Game 1 -- NLCS
Mets 2, Cardinals 0
Mets lead, 1-0
Last night I watched a Mets game that could hardly have been more perfect. It was a tense, tightly contested match-up that was neck-and-neck for all nine innings. There was stellar pitching, there was inspired defense, and there was a mammoth Met bomb off the scoreboard that won the game. Oh, and it opened up the 2006 NLCS.

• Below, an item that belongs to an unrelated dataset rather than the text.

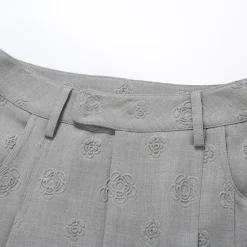 SomeSowe Floral Embossed High-Waisted Wide-Leg Pants Grey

Everyone wants to talk about Beltran's tater, how he has dominated in a small but freakishly good but still small sample size in October and especially against St. Louis. I think it's great, of course, and I hope all of the chatter will get Chris "Rainy Days & Mondays Move Up My Start" Carpenter and the rest of the Card staff fixated on Beltran while the other guys get their more than capable licks in. Cliff Floyd is out, and it hurts, but pitching & defense win these things, and without Endy Chavez's dazzling display of the latter, who's to say how last night turns out? The lineup has to pick it up for Clifford, just the way Tom Glavine did in unbelievable fashion for his fallen comrades.
Carpenter vs. Maine is one of the few match-ups in this series that seems overwhelmingly Redbird. Much has been made of the advantage garnered by the Cards because of the rainout-induced shift in the rotation, specifically how much better off they are with Carpenter going tonight. Here's a scenario I'm putting atop my wish list: Chris Carpenter, with one less day of rest and away from the friendly neo-Busch, takes a loss tonight against the revved up Met bats; St. Louis is then faced with opening up their home stint the next night without their ace and in a load of hot water. It could happen, and it would make my weekend just a tad less anxious.
John Maine, nobody wants to talk about what you bring to the Mets. Here's hoping that the next after-the-fact media story is a re-visit to the spring trade of Kris Benson, and the Mets laughing last.
For the record, how I have been feeling all week, especially late last night, is precisely why I got so cranky at the Mets for denying me the past few years. The energy is amazing.
Let's Go Mets. It's a mantra simple enough you could teach it to a three-year-old, and I did. Don't let her down.